══ Supplied records

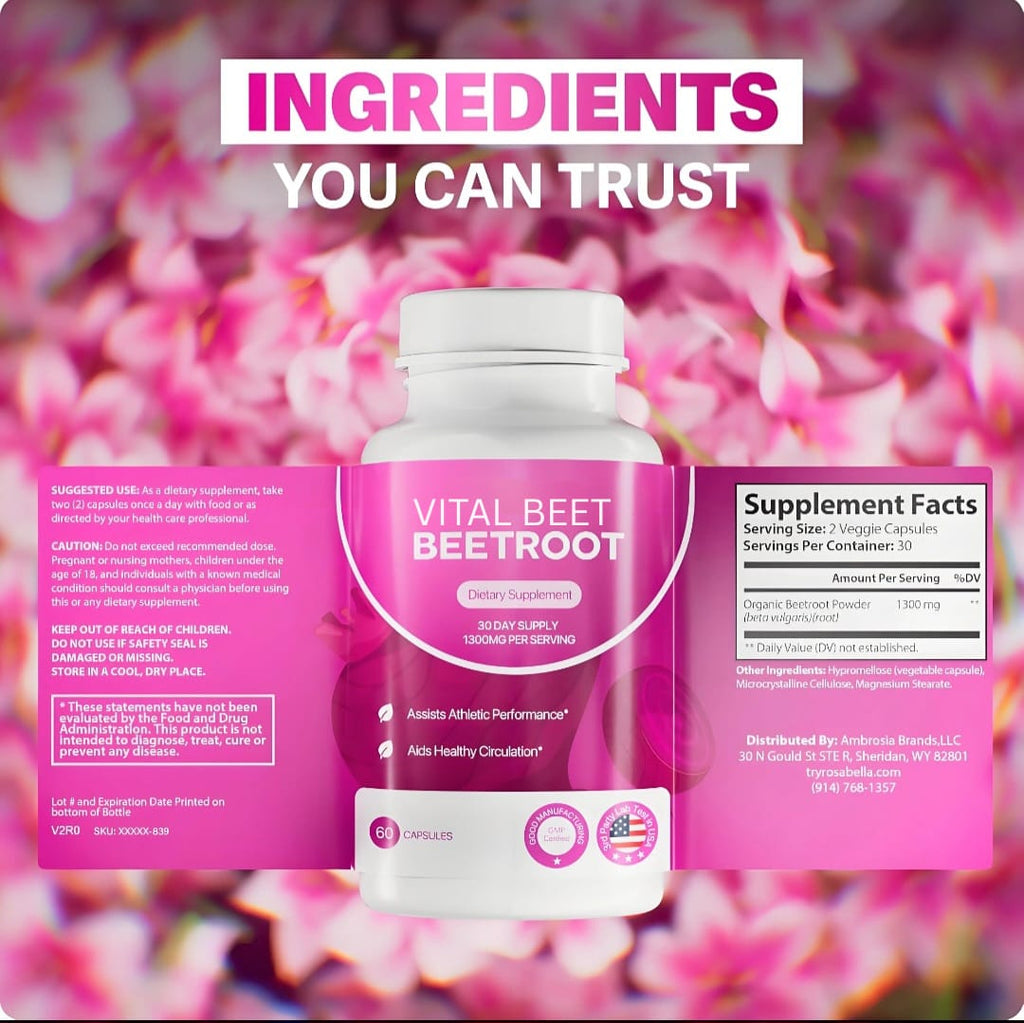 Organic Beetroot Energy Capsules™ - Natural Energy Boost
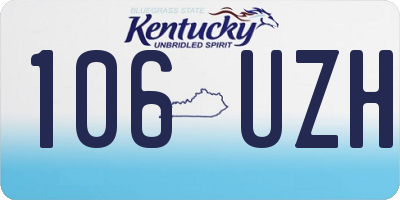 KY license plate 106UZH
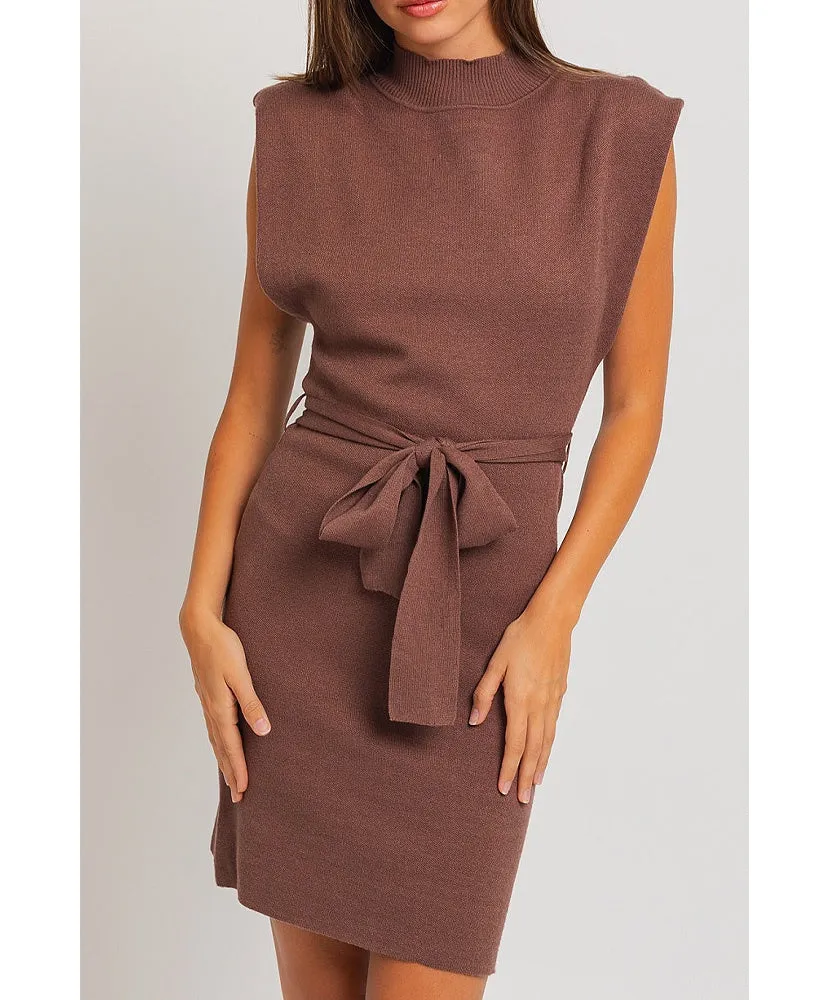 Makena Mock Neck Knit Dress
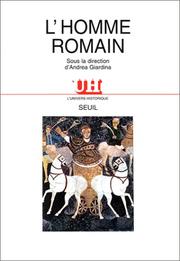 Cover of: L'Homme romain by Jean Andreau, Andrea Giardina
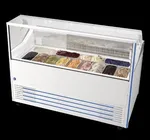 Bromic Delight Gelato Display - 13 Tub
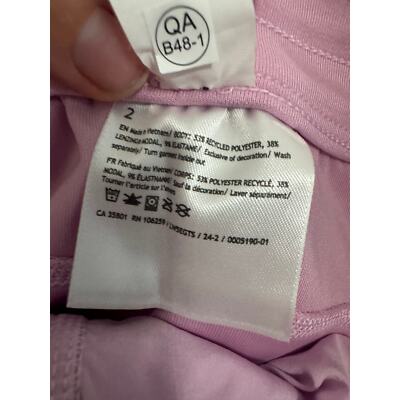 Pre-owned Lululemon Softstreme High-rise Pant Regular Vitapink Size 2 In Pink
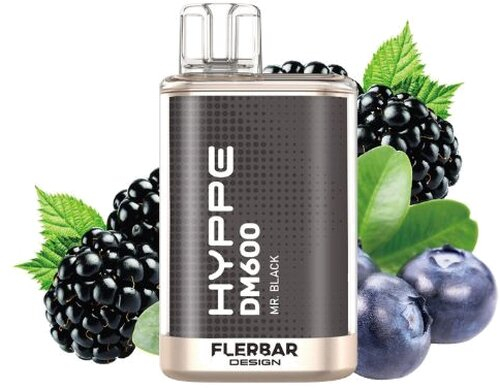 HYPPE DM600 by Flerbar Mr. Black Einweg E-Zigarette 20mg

════

* Your instructions
Set down the data above word for word, leaving every picture out.

* Solution below
 Organic Beetroot Energy Capsules™ - Natural Energy Boost
 KY license plate 106UZH
 Makena Mock Neck Knit Dress
 Cover of: L'Homme romain by Jean Andreau, Andrea Giardina
 Bromic Delight Gelato Display - 13 Tub
 Pre-owned Lululemon Softstreme High-rise Pant Regular Vitapink Size 2 In Pink
 HYPPE DM600 by Flerbar Mr. Black Einweg E-Zigarette 20mg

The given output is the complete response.